Dion also touched on the need for better national childcare.

“The childcare program has been cut by a different government,” he said. “And I know many parents in the Yukon are really disappointed about that — we need childcare in this country.”

A Liberal government would start where it left off two years ago, and boost childcare facilities across the country, he said.

Young offenders also need to be addressed, said Dion.

“All these kids you have in the street — young teenagers, if they don’t learn the discipline within the system, they will learn it against the system and we will pay a huge price.”

Dion’s solution — focus on building more sports facilities.

On Friday morning, Dion spoke with children at Whitehorse Elementary.

“I talked to your children about climate change and the environment,” he said.

The next day, he was heading to Bali to the United Nations climate change conference.

“Canada should not say to the world, ‘After you. If you do nothing, I will do nothing — it’s everything or nothing,’” he said.

“Canada should say, ‘We have one of the best universities in the world, one of the strongest economies in the world, a lot of talents and skills, we’ll do our share — do yours.’

“It’s important for people of the world that Canada remain a good citizen of the world facing the worst ecological threat many people are facing.”

Climate change affects the North more than anywhere else in the world, said Dion.

“Here in the Yukon our weather patterns are dramatically changing, the Arctic ice cover is diminishing, spruce bark beetle is invading our forests, our infrastructure is buckling under permafrost, and our species, so necessary for subsistence, are being dramatically affected.

“You of all people need your government behind you on this file.”

Dion’s Liberals are going to help fund the Yukon Cold Climate Innovation Cluster.

“We will be making a significant contribution,” said Dion.

The cold climate cluster is a clearinghouse for business, researchers and government to examine sustainable cold-climate technologies.

A researcher associated with the centre is already looking at ways to solve infrastructure problems arising from melting permafrost.

“We will be a strong partner because we need to study what is happening in the North,” said Dion.

“We need to come to solutions on the new challenges with the permafrost that is at risk, with climate change and the best way to do it is be aware it is happening and that means here in the Yukon.”

Dion also tagged Arctic sovereignty as a priority.

If the Conservatives don’t hurry up and finish mapping the seabed, Canada could lose part of its northern territory to other countries, said Dion.

Prime Minister Stephen Harper promised the North new icebreakers, he added.

But instead he decided to buy patrol boats that can only go through one metre of ice.

Arctic ice is sometimes six metres thick, said Dion.

“We were fighting for sovereignty of our North, partly so we could enforce Canada’s tougher environmental standards,” he said.

“And now we heard the government announce that their ships are going to dump waste food and sewage into the Arctic Ocean and its fragile environment.”

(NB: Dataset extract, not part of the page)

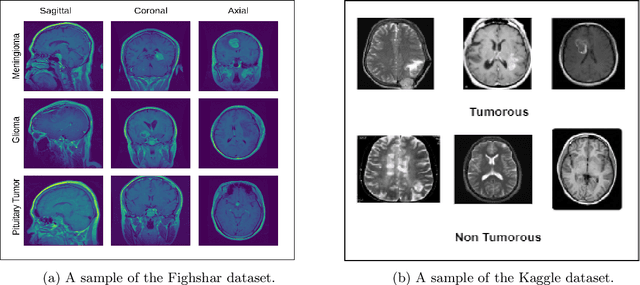 Figure 2 for Deep Fusion Model for Brain Tumor Classification Using Fine-Grained Gradient Preservation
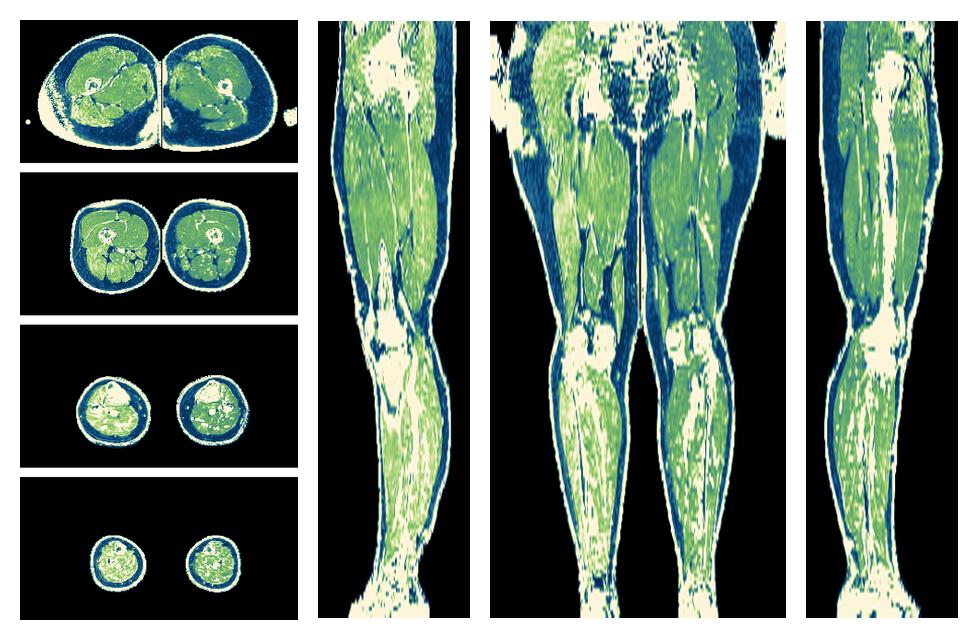 The R2 star relaxation time of the lower extremity obtained from the dixon reconstruction for muscle water fat quantification.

It’s unacceptable, he said.

“We will not dump sewage in your ocean.”

Yukon MP Larry Bagnell is introducing a private member’s bill to try and address this situation, said Dion.

“Larry is speaking about these kind of issues every day in the house — but it’s not the same as being the government.”

It is hard to make changes as opposition, said Dion.

“But what I announced today, I will deliver.”

A Liberal government will ensure the North stays strong and free, he said.

“I have seen on my many trips to the North, that you are survivors under the harshest conditions.

“You can count on me to help you through your struggles.”

“Dion wants to restore Canada to its rightful place as a leader of sustainable development and as a leader in the challenges we face with climate change and global warming,” said Yukon Liberal leader Arthur Mitchell, following the luncheon.

“We have been strong supporters in the past of the Kyoto protocol and I am very disappointed Canada has pulled back from that position in recent years under the current government.

“So it is very encouraging to hear these strong words of support that Canada needs to be a leader as a northern country in the challenges we face.”